自分の名前よりもわたくしの名前の単語を覚えてくれたマウリ様。蜂蜜色のふわふわの髪と蜂蜜色の大きなお目目で、わたくしの膝の上に当然のように座っているマウリ様が可愛くないわけがなかった。
「ねえさま……じゃない、あねうえ、ミルヴァさまもヘルレヴィりょうにかえってしまうのですか?」
ミルヴァ様のことを気に入っていて結婚するとまで言っているクリスティアンにとっては、ミルヴァ様がいなくなるかどうかが心配なようだ。
「スティーナ様が回復されたら、そうなるでしょうね」
「ミルヴァさまはぼくのこんやくしゃです。ラントりょうにいられませんか?」
わたくしにクリスティアンがこんなに真剣にお願いすることは珍しい。それだけミルヴァ様のことを本気で考えているのだろう。
「クリスティアン、考えてみてください、ミルヴァ様もマウリ様も、あなたより小さいのです」
「それはわかっています。ぼくはふたりのおにいさんです」
「こんなに小さいのに、愛してくれるお母様と二人は引き離されているのですよ」
これはクリスティアンに言い聞かせているようで、わたくし自身にも言い聞かせている言葉だった。二人には愛してくれるスティーナ様というお母様がいる。スティーナ様の体調が回復すれば、スティーナ様がヘルレヴィ領の領主としてオスモ殿から二人を守って愛して育ててくれるのだから、マウリ様もミルヴァ様もヘルレヴィ領に帰ることが幸せなのだ。
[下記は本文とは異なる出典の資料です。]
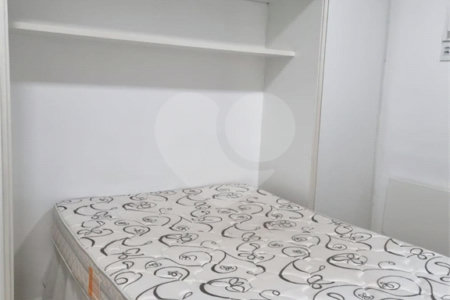 Flat à venda com 1 suíte em Moema, São Paulo, SP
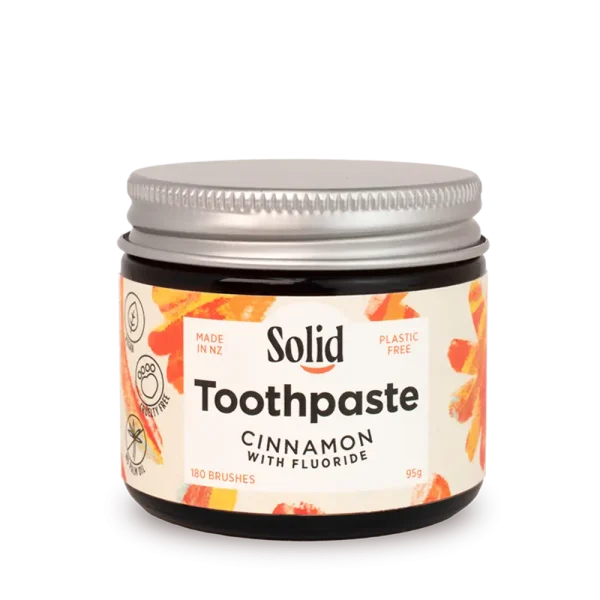 Toothpaste In A Jar - Image 7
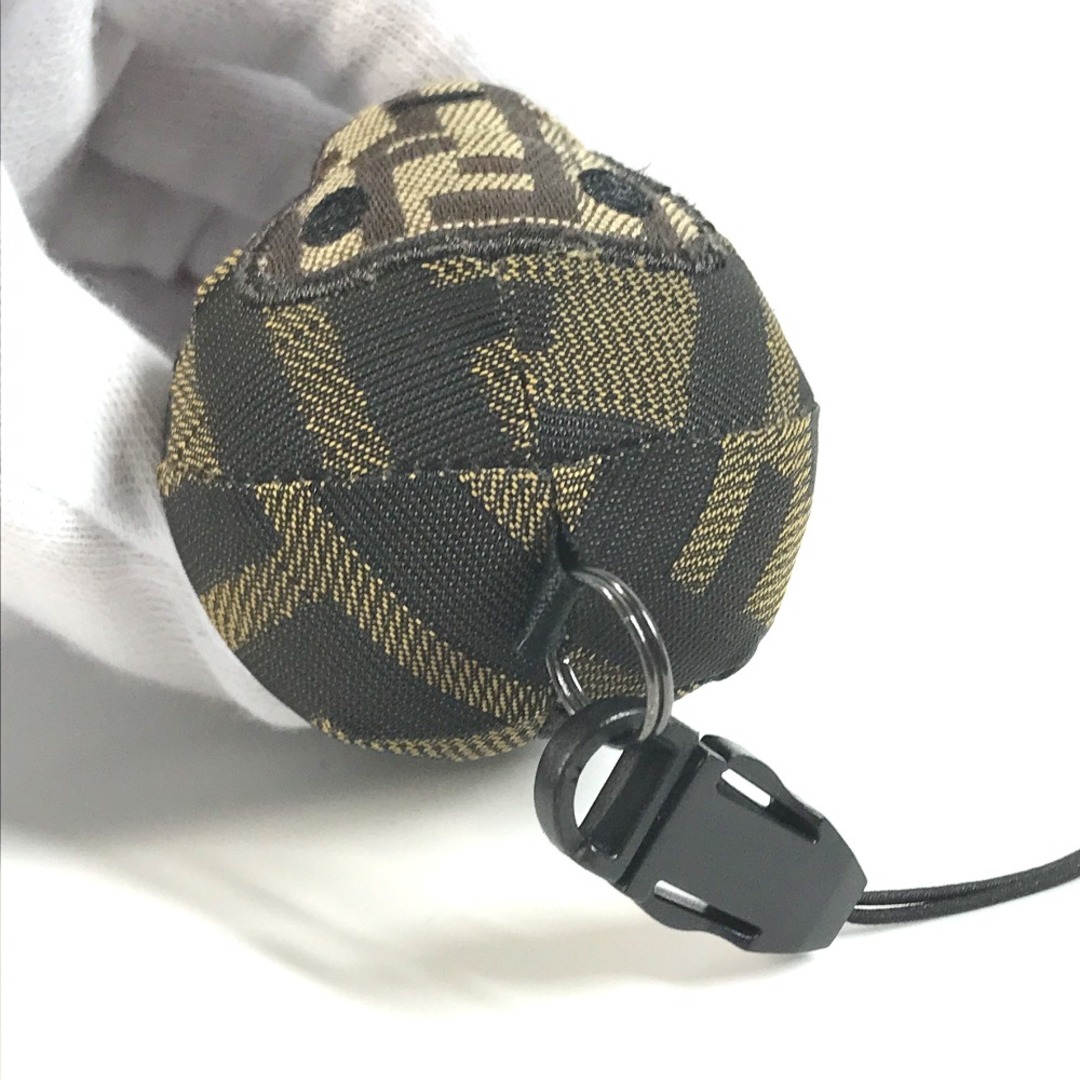 FENDI - フェンディ FENDI マイロ ズッカ A BATHING APE ア FENDI - フェンディ FENDI マイロ ズッカ A BATHING APE ア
そう自分に言い聞かせるが、胸が痛くて涙が滲んでくる。
獣の本性がないということの意味を知らないからだと分かっているが、マウリ様はわたくしに純粋な愛情を向けてくれた。わたくしはマウリ様に好かれているのだと実感してこの一年以上を過ごすことができた。
マウリ様がいなくなれば、わたくしが今後婚約することもないだろう。あるとしても、身分を目当てにした相手か、金目当ての相手で、愛のない結婚をするのかもしれない。
「ミルヴァ様とマウリ様はドラゴンですから、それを知ればスティーナ様も二人に家を継がせることを躊躇わないでしょう」
オスモ殿に狙われる危険があるので今はまだ真実を告げられていないが、真実を知ればマウリ様は間違いなくヘルレヴィ家の後継者になれるし、ミルヴァ様も引く手あまたとなるだろう。
「ぼくはミルヴァさまがすきです!」
「クリスティアンは公爵家の跡継ぎです。ミルヴァ様がもう少し大きくなって正式に申し込めば叶うと思いますよ」
クリスティアンは狼の本性を持っていて、公爵家の正当な後継者だ。スティーナ様もミルヴァ様を嫁がせる相手として、クリスティアンは一番に考えてくれるだろう。
残されるのはわたくしだけ。
それが分かっていても、わたくしはマウリ様の幸せのためにスティーナ様を救い出すことだけ考えていた。